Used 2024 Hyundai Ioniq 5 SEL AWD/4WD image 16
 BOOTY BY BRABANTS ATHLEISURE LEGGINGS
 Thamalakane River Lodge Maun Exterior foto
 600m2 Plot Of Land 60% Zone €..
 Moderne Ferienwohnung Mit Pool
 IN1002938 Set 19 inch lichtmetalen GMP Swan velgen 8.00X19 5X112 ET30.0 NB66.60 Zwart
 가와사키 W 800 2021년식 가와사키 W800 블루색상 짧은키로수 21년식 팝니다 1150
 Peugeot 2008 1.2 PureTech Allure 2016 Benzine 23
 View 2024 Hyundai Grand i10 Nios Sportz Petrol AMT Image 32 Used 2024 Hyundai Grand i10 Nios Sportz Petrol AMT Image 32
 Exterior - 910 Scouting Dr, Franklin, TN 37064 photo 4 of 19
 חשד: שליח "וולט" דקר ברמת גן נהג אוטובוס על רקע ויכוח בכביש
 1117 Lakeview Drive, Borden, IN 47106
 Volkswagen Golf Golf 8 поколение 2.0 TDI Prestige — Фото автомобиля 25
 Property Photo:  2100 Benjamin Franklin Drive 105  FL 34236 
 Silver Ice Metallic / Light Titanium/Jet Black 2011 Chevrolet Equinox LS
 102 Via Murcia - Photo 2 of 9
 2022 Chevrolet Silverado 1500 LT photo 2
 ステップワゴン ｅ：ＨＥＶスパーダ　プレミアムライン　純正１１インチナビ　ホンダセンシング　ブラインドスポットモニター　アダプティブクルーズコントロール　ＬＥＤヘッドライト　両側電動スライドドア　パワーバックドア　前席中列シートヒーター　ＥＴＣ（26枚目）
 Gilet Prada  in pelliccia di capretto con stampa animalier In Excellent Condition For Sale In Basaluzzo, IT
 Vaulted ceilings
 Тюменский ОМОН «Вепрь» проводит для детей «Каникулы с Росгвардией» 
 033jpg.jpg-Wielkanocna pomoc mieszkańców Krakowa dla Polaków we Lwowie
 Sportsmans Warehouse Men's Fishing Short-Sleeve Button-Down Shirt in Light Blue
□ □ □
_TASK DETAILS_
Within the material above, copy exactly the lines from the line that holds "רקע ויכוח בכביש" up to and including the line that holds "102 Via Murcia - Photo 2 of 9".

_SOLUTION FOR THIS EXERCISE_
 חשד: שליח "וולט" דקר ברמת גן נהג אוטובוס על רקע ויכוח בכביש
 1117 Lakeview Drive, Borden, IN 47106
 Volkswagen Golf Golf 8 поколение 2.0 TDI Prestige — Фото автомобиля 25
 Property Photo:  2100 Benjamin Franklin Drive 105  FL 34236 
 Silver Ice Metallic / Light Titanium/Jet Black 2011 Chevrolet Equinox LS
 102 Via Murcia - Photo 2 of 9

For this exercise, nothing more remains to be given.